Stereotactic neurosurgeries require submillimeter precision due to the potential neurological risks involved. While robotic assistance provides the accuracy necessary for procedures such as deep brain stimulation or stereoelectroencephalography, current medical robots remain limited to one-dimensional trajectories, restricting their ability to avoid critical brain regions. To overcome this limitation, Robeauté is developing a microrobot capable of autonomous three-dimensional neuronavigation. This microrobot is integrated within a dedicated localization workflow. Its real-time three-dimensional position is obtained through a ultrasound tracking system, while pre-operative CT and MRI provide cranial geometry and detailed neuroanatomy. Because non-linear MRI distortions are non-negligible at the microrobot scale, the MRI volume is non-rigidly registered to the CT, used as a distortion-free reference. Precise implant localization, based on the centers of emission of the ultrasound emitters, embeds the tracking coordinate system into the CT frame with submillimetric uncertainty to maintain stereotactic safety margins. Furthermore, a voxel-wise registration error estimation (REE) method is required, targeting accuracy below 25%.

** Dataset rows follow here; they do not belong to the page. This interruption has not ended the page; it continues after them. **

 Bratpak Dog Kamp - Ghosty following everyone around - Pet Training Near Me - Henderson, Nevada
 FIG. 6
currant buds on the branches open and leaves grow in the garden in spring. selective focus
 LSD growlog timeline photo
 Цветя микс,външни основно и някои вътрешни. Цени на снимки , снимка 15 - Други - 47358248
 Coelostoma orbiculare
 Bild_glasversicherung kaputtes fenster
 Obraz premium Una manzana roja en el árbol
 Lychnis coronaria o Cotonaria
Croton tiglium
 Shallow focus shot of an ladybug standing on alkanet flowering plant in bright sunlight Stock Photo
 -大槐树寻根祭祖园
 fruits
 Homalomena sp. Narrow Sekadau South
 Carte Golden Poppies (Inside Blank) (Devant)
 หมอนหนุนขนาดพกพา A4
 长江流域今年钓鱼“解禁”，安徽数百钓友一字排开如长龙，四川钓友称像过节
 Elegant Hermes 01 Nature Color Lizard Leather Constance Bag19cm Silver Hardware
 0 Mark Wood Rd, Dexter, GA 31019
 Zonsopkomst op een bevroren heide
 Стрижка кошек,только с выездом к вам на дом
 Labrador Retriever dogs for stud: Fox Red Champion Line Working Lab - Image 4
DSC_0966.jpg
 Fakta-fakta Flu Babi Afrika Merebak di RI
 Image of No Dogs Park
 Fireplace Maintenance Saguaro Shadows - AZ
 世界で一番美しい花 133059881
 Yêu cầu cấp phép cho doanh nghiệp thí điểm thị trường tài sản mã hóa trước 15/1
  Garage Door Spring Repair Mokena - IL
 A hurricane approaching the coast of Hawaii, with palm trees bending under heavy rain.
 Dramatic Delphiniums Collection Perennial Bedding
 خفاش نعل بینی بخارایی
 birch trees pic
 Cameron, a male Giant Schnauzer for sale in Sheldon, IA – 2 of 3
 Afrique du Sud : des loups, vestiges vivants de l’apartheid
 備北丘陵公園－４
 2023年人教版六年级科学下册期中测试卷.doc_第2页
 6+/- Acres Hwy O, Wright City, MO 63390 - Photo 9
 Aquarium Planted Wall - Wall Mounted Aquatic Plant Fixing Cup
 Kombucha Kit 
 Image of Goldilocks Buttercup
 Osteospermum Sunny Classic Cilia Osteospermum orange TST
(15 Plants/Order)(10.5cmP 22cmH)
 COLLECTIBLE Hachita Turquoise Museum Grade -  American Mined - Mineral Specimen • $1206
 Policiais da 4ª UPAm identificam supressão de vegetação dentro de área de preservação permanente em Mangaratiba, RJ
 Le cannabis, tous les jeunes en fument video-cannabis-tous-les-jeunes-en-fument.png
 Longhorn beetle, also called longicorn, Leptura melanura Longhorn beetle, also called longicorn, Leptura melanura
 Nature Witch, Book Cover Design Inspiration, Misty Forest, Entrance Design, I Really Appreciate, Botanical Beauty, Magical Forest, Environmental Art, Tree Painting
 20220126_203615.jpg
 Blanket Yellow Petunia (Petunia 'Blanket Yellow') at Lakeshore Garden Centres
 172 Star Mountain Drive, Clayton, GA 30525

Since existing techniques do not meet these precision, modality, and resolution requirements, we developed manual and semi-automatic baseline methods to measure registration error and implant localization in preclinical tests. Building upon these foundations, a two-step REE framework was introduced: first, a regression U-Net trained with synthetic B-spline deformations predicts voxel-wise registration error for mono-modal alignment; second, a generative model synthesizes a pseudo-CT from MRI, enabling voxel-level REE between pseudo-CT and real CT volumes, thereby extending the method to multi-modal registration. This pipeline produces voxel-wise non-linear error maps with a mean relative error below 10% for CT/MRI alignment.
For implant localization, an automatic detection strategy using a YOLO-based network, trained on preclinical data, reconstructs transducer emission centers in 3D with an absolute error below 1 mm. Future work aims to improve the robustness of the multi-modal model and extend detection to volumetric networks for clinical translation.